Life situations of this sort change the entire complexion of existence. You look at everything from a different perspective. Manisha realised life is more than what it appears to be. And relationships go deeper than what we see them as. We have to be what we desire in others and make a relationship beautiful by transforming our own reaction. “Everything changed in the blink of an eye,” she said. “Now, I see, feel and experience life differently. Earlier I was looking for my soul mate (different perceptions for different people) but now I look for honest, soulful interactive bonding. I’m super sensitive about being honest as I believe strongly that we should not play with any other human being’s emotions. God knows what’s going on in their lives.”

She added, “When I set out in my search for a soul mate I began to be aware of the qualities I wished in the other person. What was I seeking? The answer is quite simple for me. Honesty, great chemistry, spiritual leaning, someone who has done self-work, a person satisfied with his work and keen to achieve higher goals and lastly and most importantly, a great friend who I can talk with about just anything and laugh with. After years of researching, I have realised that we attract who and what we are. How many of us are willing to change?”

We always attract what we fear or are trying to hide in ourselves, believes Manisha. “So if one meets a man who cheats, there is something in us that is pointing a finger, not only to the other person but us. So when we seek a special partner in life we do need to look within ourselves critically,” she said.

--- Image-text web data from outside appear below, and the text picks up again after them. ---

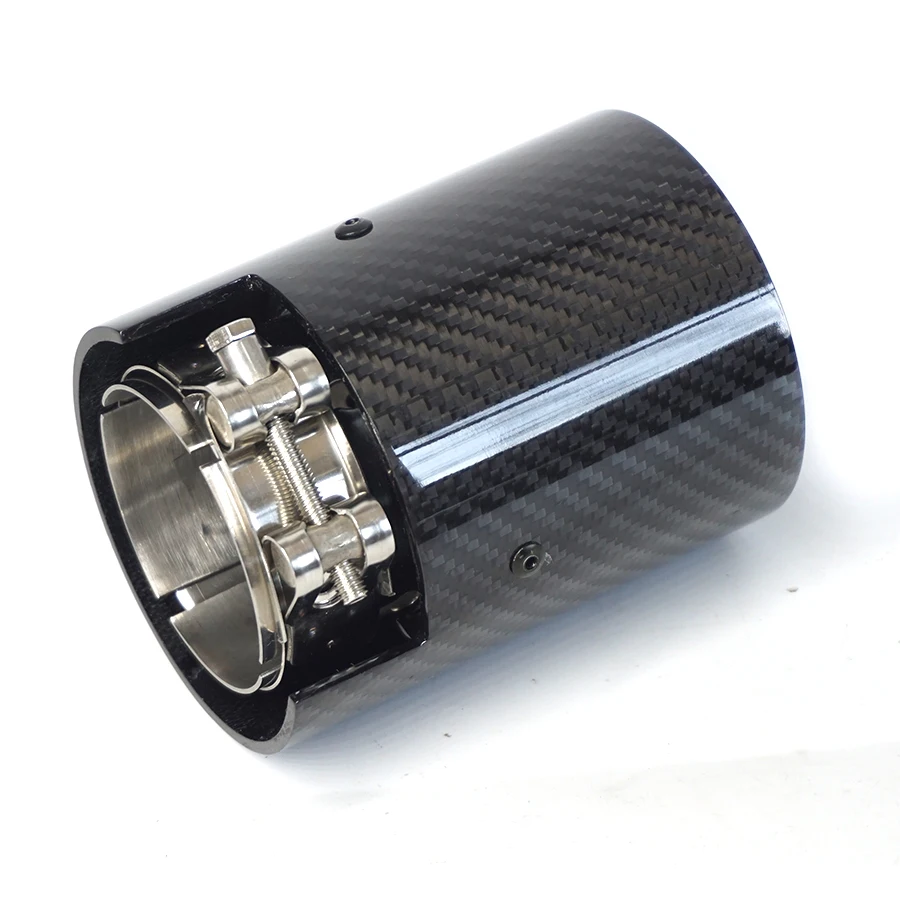 Выхлопная труба из настоящего углеродного волокна 70 мм глянцевая для BMW M2 F87 M3 F80 M4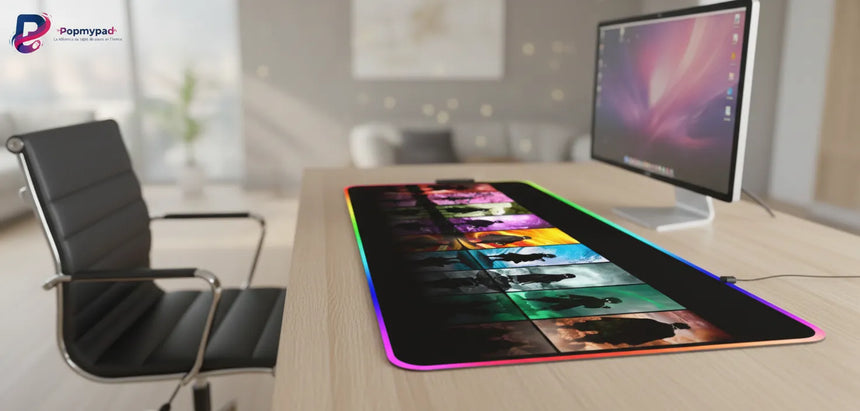 Tapis de souris Gaming RGB - Édition Piliers du Japon Précision & Confort XXL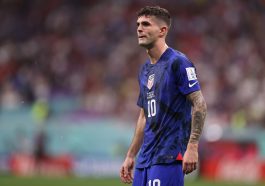 Christian Pulisic of United States looks on during the FIFA World Cup Qatar 2022 Group B match between England and USA at Al Bayt Stadium on November 25, 2022 in Al Khor, Qatar.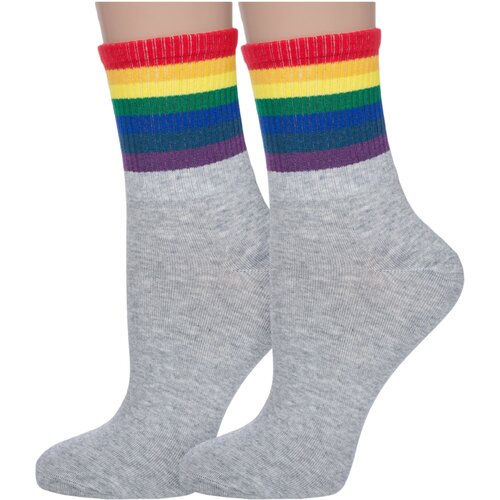 Комплект из 2 пар женских носков Hobby Line серые, размер 36-40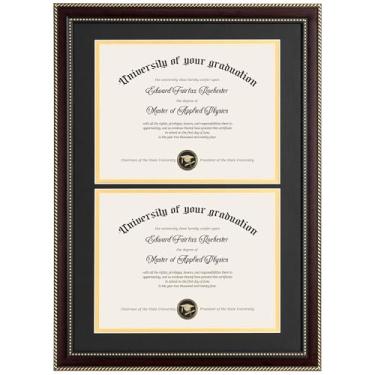 Imagem de FLYJOE Moldura dupla para diploma de 21 x 28 cm para dois documentos de 21 x 28 cm, certificado, grau, fotos 35 x 50 cm, moldura para diploma com tapete preto sobre ouro, vidro temperado HD, mogno com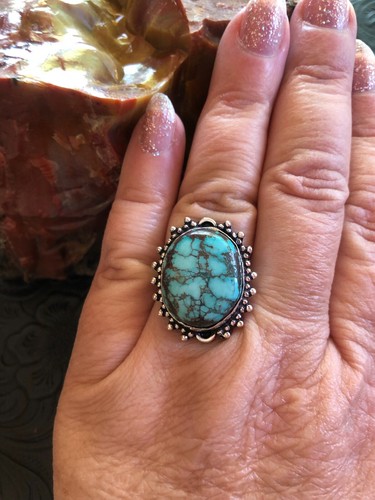 Anello Nuvola Montagna Turchese Sole Fiore 7,5 Web Matrix Artigianale Sud-Ovest - Foto 2 di 3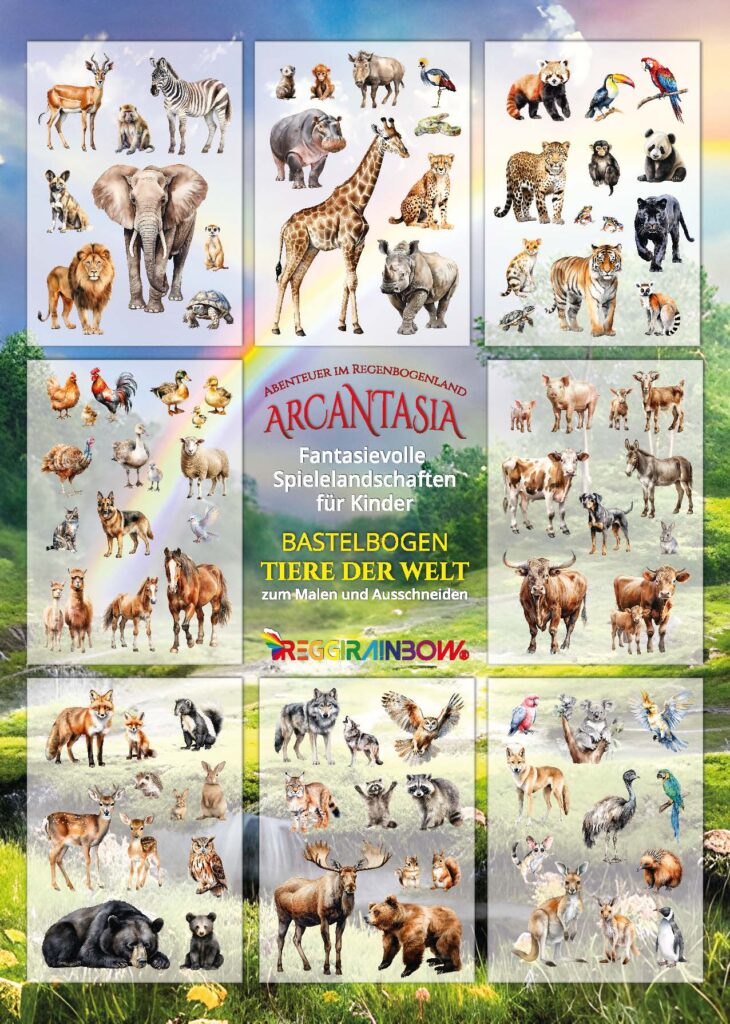 „ARCANTASIA – Tiere der Welt“ Bastelbogen zum Spielebuch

Tumultuous relationships, Manisha suggests, are beautiful opportunities to ask deeper questions and explore hidden messages. “It’s so easy and satisfying to blame others. It’s true that people can wrong you in a relationship, and it’s also good to end a bad relationship...” Manisha feels introspection is most important for a happy and mutually respectful relationship. We really need to evaluate not only our partner or spouse but also ourselves. That’s the key to everlasting love.